President Joe Biden has signed into law legislation that opens a door for resumed cruise ship travel to Alaska after the pandemic last year scrapped sailings
The measure pushed by members of Alaska’s Republican congressional delegation will allow large cruise ships to sail directly from Washington state to Alaska without stopping in Canada. It is intended as a temporary workaround of a longstanding federal law that requires certain large cruise ships bound for Alaska to stop in Canada or start trips there.
Canada, amid COVID-19 concerns, has barred cruise operations through February.
U.S. Sen. Lisa Murkowski said Alaska has a limited opportunity for cruise travel, unlike sunny locales such as Florida. Before the pandemic, the season in Alaska would begin in late spring and extend through the summer or sometimes early fall.
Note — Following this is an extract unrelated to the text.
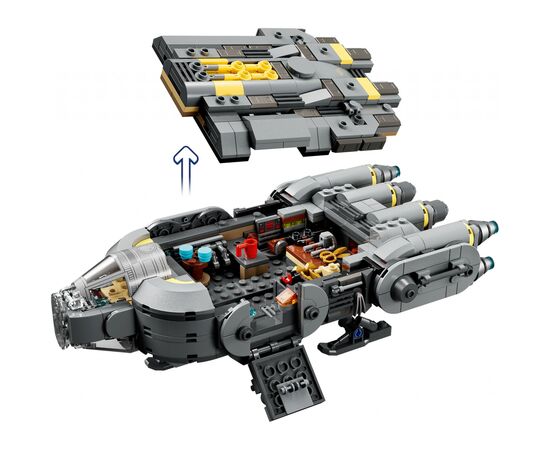 Конструктор LEGO Star Wars Зореліт анзелланців (75445), зображення 4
She said cruise lines now have an opportunity to book trips to bring people to Alaska and “help us with our economy that has really been smacked hard by COVID.” Tourism is an important industry in the state, particularly for many southeast Alaska communities heavily reliant on cruise ship passengers.
Passage of the bill underscores the importance of not giving up, Murkowski said in comments alongside Sen. Dan Sullivan and U.S. Rep. Don Young, the other members of the state’s congressional delegation, in Washington, D.C, on Monday.
Cruise lines still must meet guidelines set by the U.S. Centers for Disease Control and Prevention to guard against COVID-19.
Earlier Monday, Norwegian Cruise Line announced plans to resume U.S. operations beginning Aug. 7, with voyages from Seattle to Alaska ports. The company has planned sailings through mid-October.
Cruise lines such as Holland America Line also have announced sailing plans.
Many of the large ships that visit Alaska are registered in foreign countries. U.S. law prohibits such ships from sailing between two American ports without stopping at a foreign port.
Associated Press reporter Darlene Superville contributed from Washington, D.C.